======== MATERIAL FOR THIS EXERCISE ========

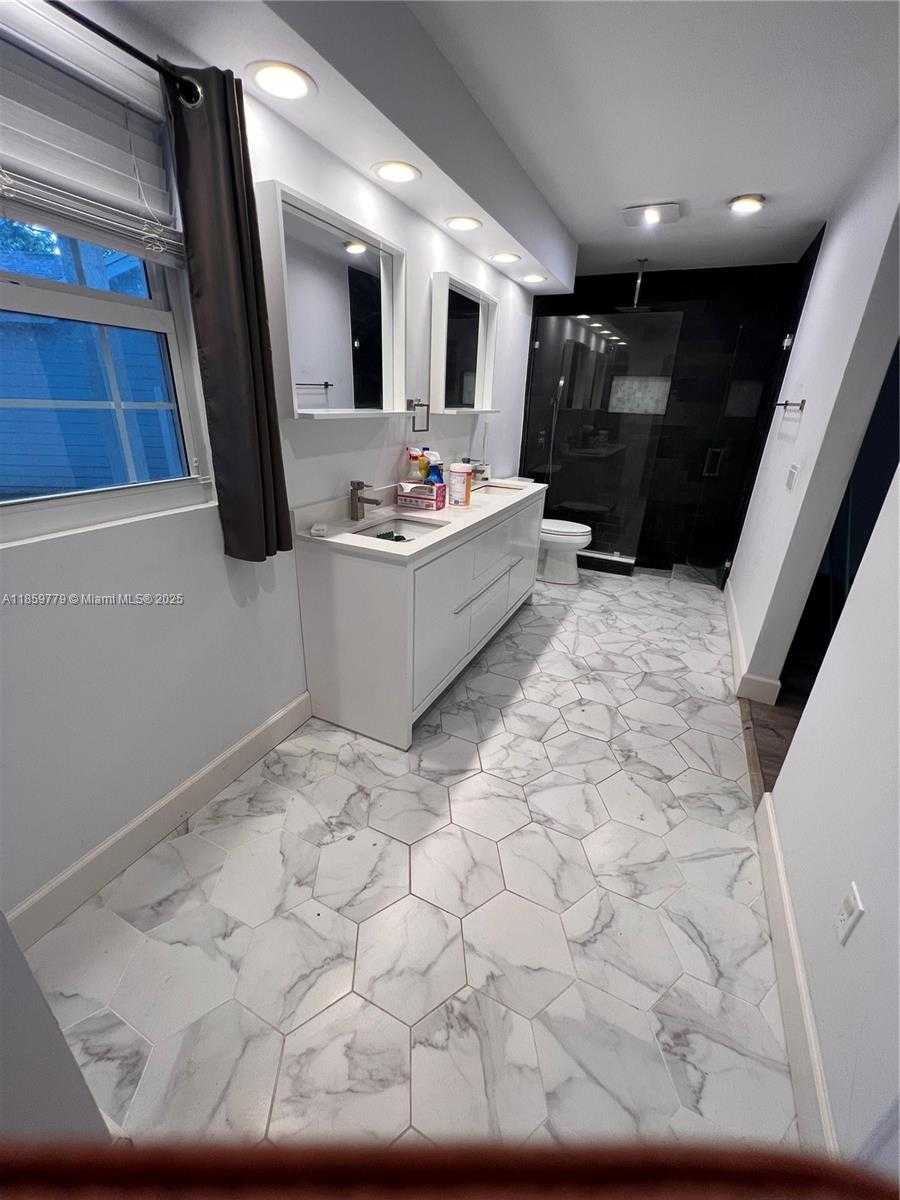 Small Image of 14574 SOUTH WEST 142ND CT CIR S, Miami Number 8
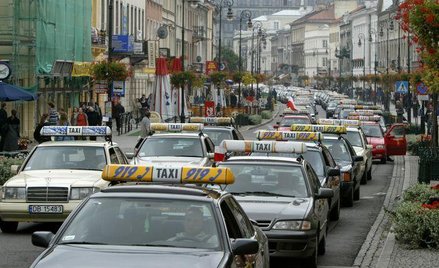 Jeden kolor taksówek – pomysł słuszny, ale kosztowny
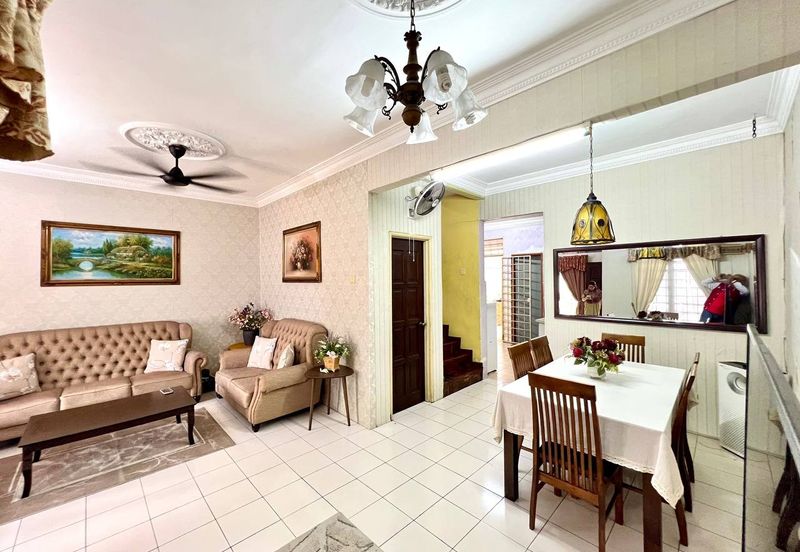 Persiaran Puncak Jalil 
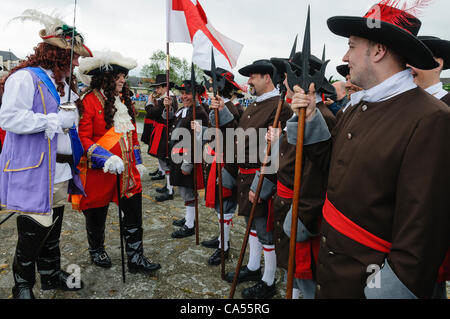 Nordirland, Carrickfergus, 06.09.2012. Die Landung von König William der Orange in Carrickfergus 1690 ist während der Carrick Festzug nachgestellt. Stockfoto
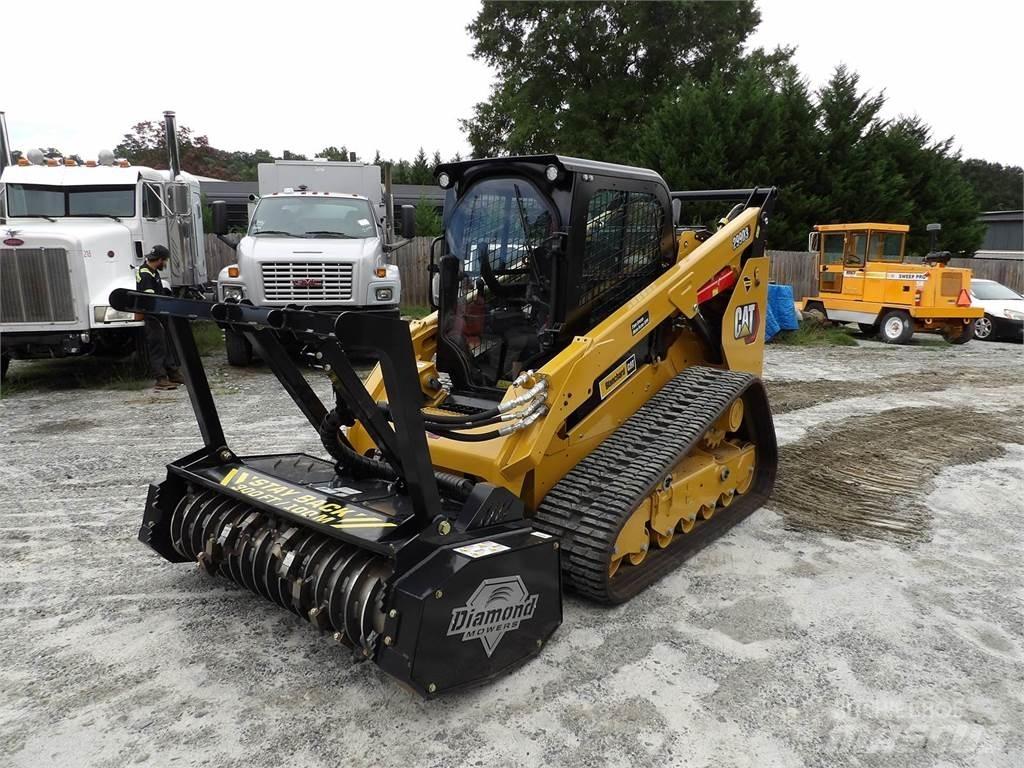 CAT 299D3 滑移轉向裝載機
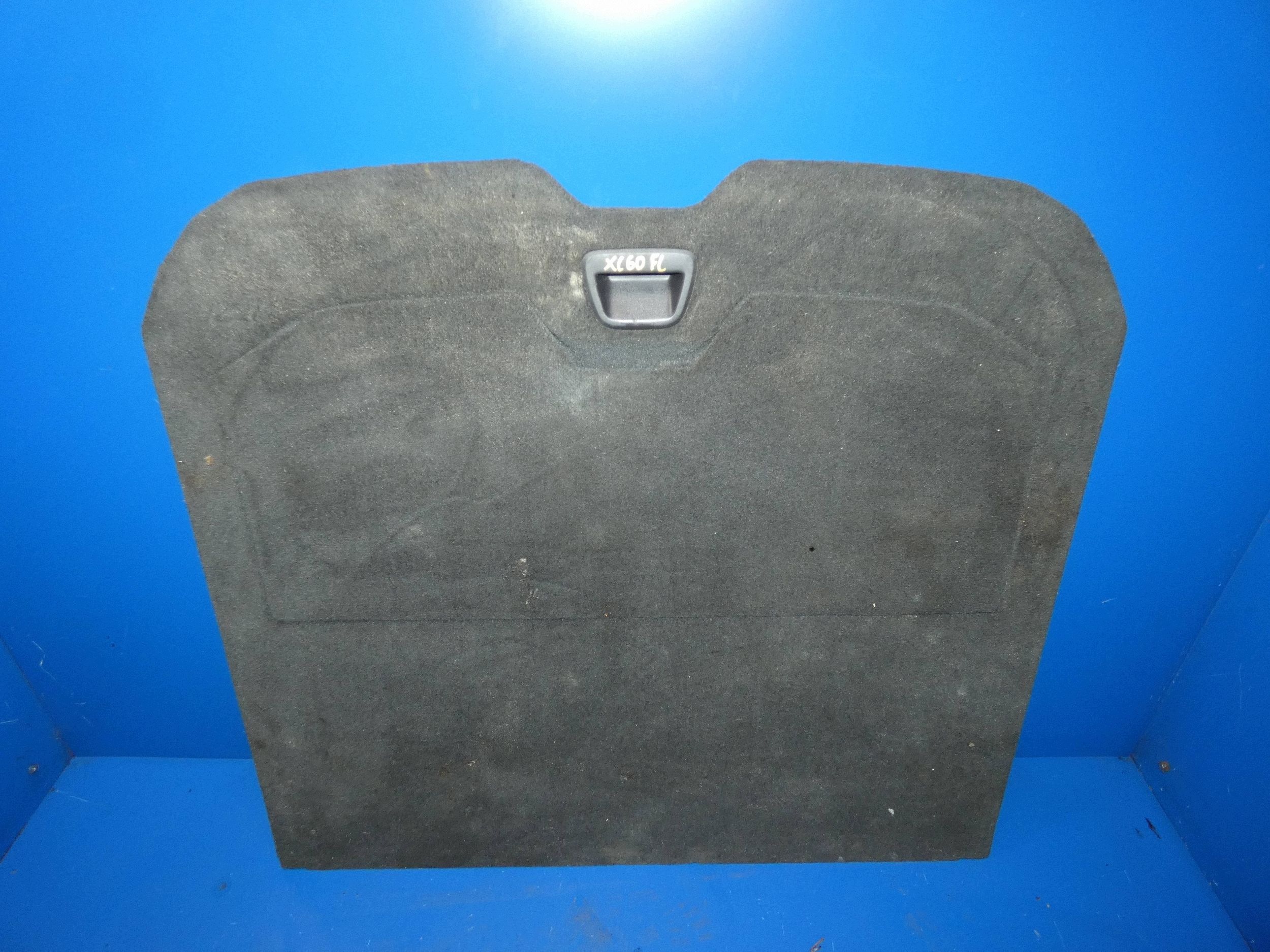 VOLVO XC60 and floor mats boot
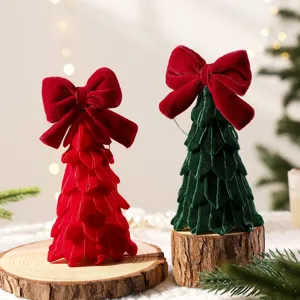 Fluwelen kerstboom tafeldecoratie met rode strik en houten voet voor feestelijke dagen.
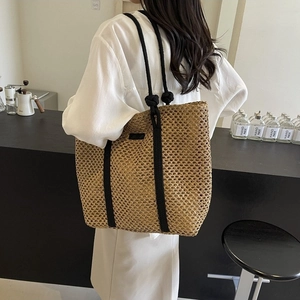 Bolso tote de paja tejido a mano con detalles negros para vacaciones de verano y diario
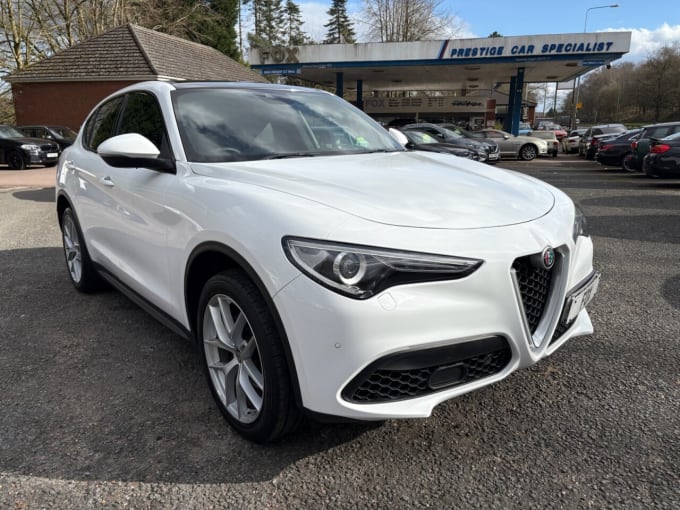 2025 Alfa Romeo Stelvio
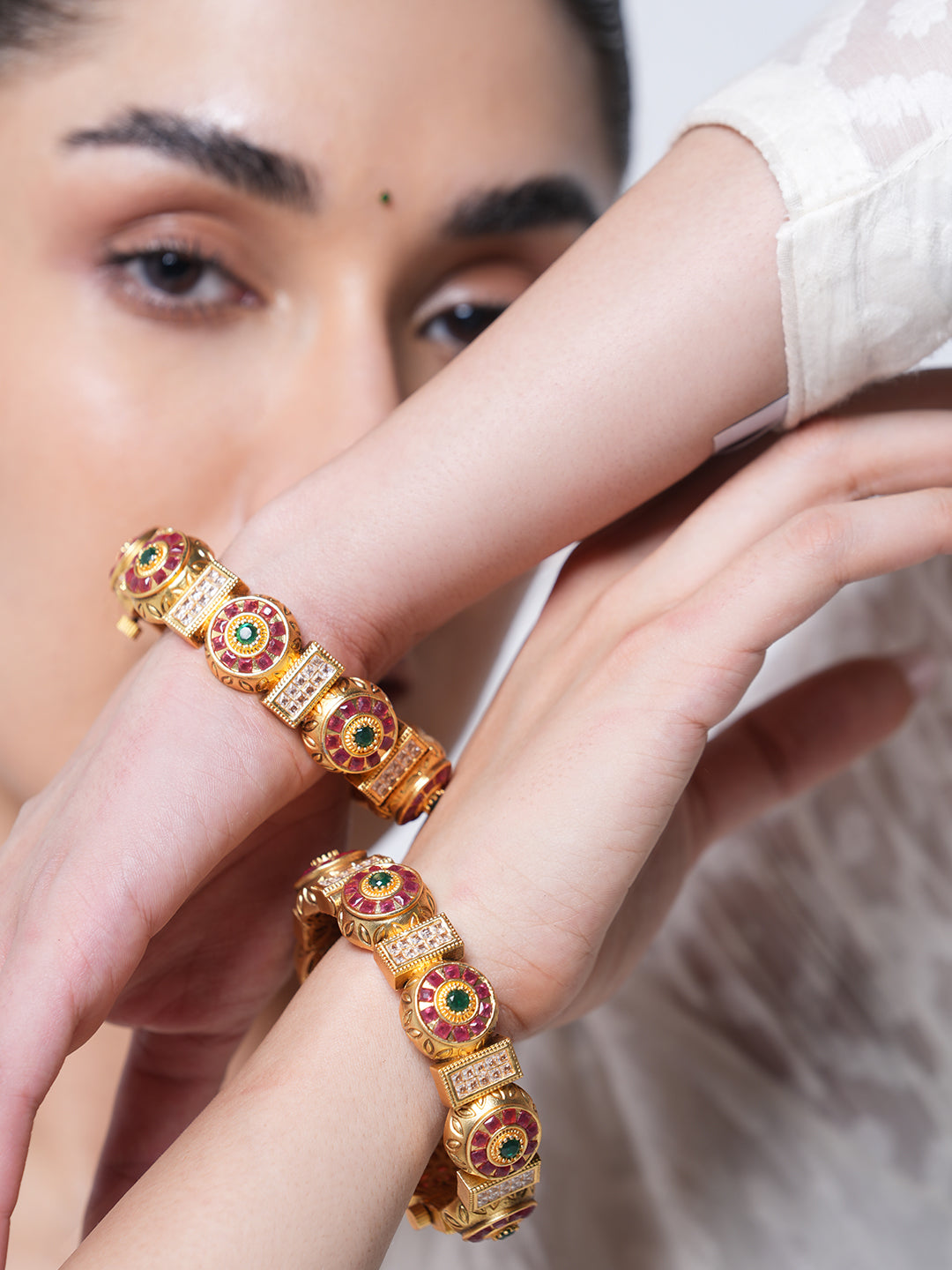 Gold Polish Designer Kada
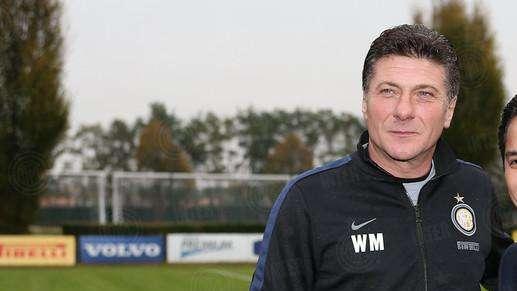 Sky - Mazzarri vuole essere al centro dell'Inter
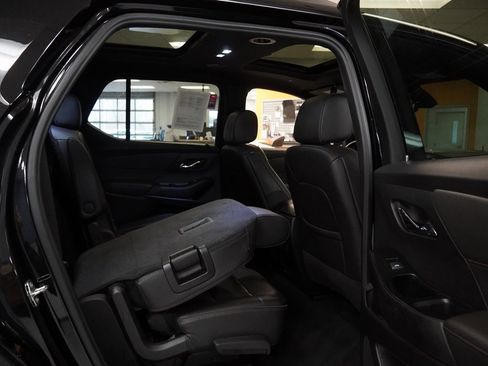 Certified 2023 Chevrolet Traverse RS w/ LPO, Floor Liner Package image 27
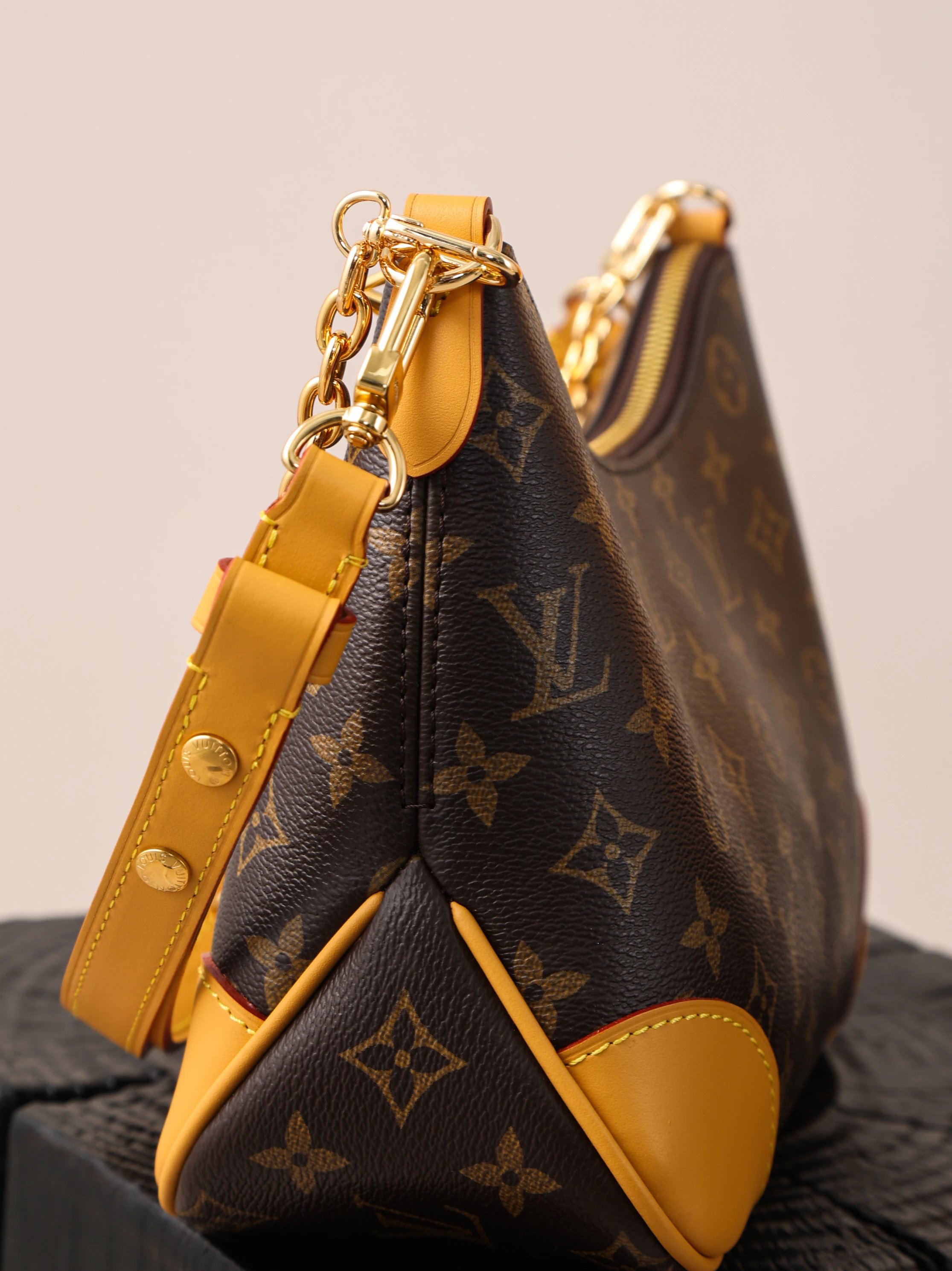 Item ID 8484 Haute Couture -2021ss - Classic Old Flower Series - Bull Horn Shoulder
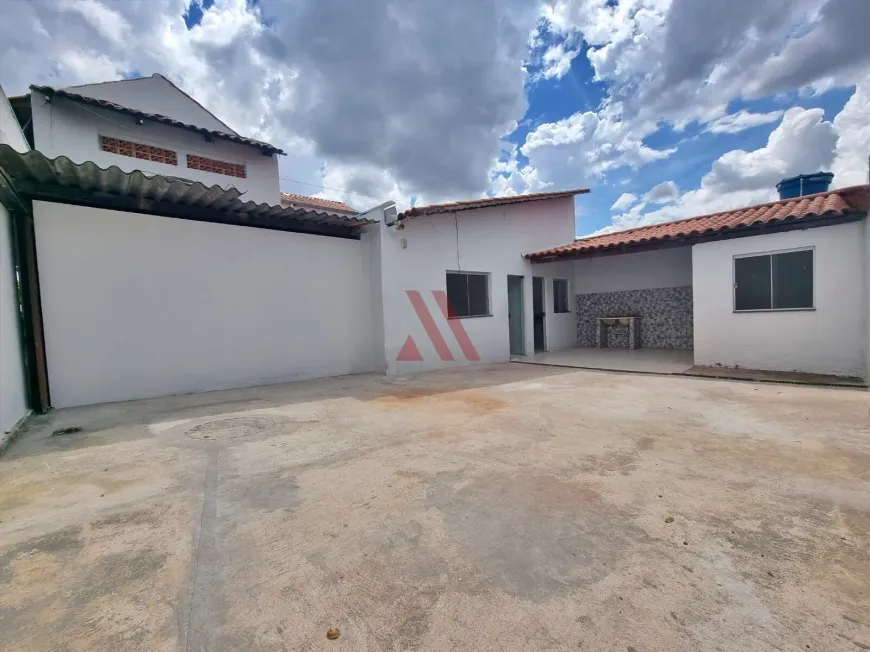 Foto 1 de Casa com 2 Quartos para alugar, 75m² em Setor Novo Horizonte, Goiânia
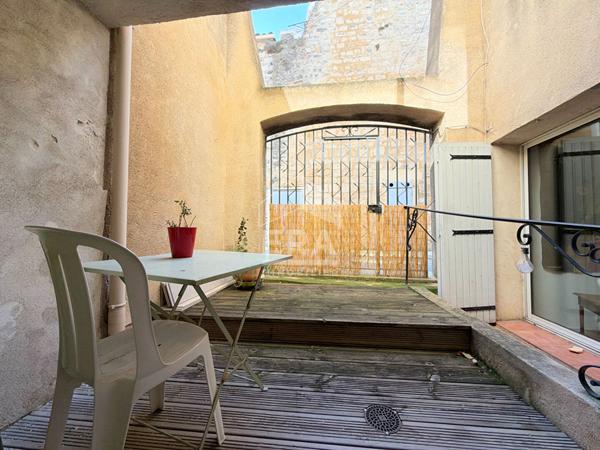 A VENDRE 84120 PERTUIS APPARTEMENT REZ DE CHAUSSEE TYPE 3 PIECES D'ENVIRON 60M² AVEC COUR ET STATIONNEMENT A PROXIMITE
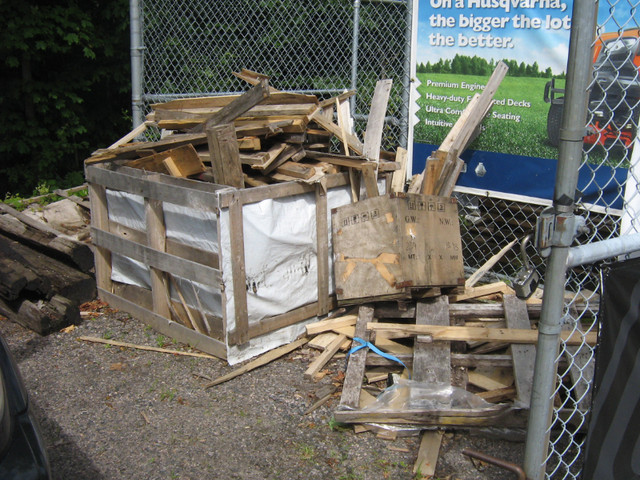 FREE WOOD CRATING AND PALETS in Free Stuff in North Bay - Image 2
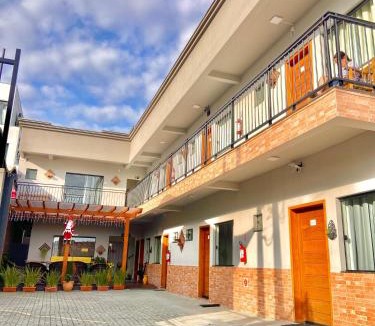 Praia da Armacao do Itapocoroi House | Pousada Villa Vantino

========

**GOAL OF THE EXERCISE**
Please print the lines above exactly, beginning at the first line of the entries and ending at the line holding "Fluwelen kerstboom tafeldecoratie", and leave the pictures out.

**ANSWER SPACE**
 Small Image of 14574 SOUTH WEST 142ND CT CIR S, Miami Number 8
 Jeden kolor taksówek – pomysł słuszny, ale kosztowny
 Persiaran Puncak Jalil 
 Nordirland, Carrickfergus, 06.09.2012. Die Landung von König William der Orange in Carrickfergus 1690 ist während der Carrick Festzug nachgestellt. Stockfoto
 CAT 299D3 滑移轉向裝載機
 VOLVO XC60 and floor mats boot
 Fluwelen kerstboom tafeldecoratie met rode strik en houten voet voor feestelijke dagen.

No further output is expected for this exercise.